Donald Trump will probably be coming to Britain later this year.
According to the Independent, US President Donald Trump will likely come to the UK in late 2018 for a “working visit”. The site reports that Downing Street has confirmed that the controversial president will not be getting a state visit.
By allowing Trump to visit and not giving him a state visit, Theresa May has carved a sensible middle path. Trump may not give the Office of President of the United States the respect it deserves, but as the elected president he represents that office and the country. As the UK prepares to make post-Brexit deals, the government cannot afford to snub the US by declining the president. I’m no fan of Trump – and neither are most Brits if polls are to be believed – but a visit from a foreign leader is about more than the meeting of two individuals.
Furthermore, a Trump visit gives the opportunity for anti-Trump sentiment to take to the streets in a peaceful manner. There will no doubt be anti-Trump demonstrations, and rightly so, as this is a president who has caused much pain and offence at home and abroad. A Trump visit will allow the UK and US governments to show that the two countries still have an important link, while also demonstrating the strength of anti-Trump sentiment.

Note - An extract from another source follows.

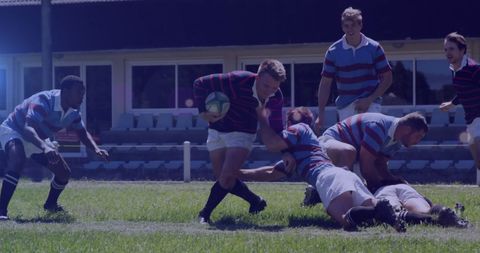Intense rugby match players in action at stadium
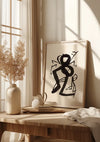 Een ingelijst abstract zwart-wit Grafisch figuur schilderij van CollageDepot staat op een houten tafel bij een raam. Op de tafel staat ook een keramische vaas met gedroogd blad, een kleine kruik, een stapel boeken en een gedrapeerd kleed. Zonlicht stroomt door de vitrages en werpt schaduwen op de elegante wanddecoratie.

However, the UK government has made the correct decision by not giving the go-ahead for a fully-fledged state visit – even though a YouGov poll from one year ago suggested that 49% of Brits said it should take place. However, it is worth noting that poll respondents may not have been clear as to what a state visit was compared to other types of visit.
A state visit is a rare honour, for example, only one took place in each of the past two years. Furthermore, only two US presidents have received the honour: George W. Bush in 2003 and Barack Obama in 2011.
Not giving Donald Trump a state visit is the right call.
But let him come for a "working visit".
And let the demonstrations commence.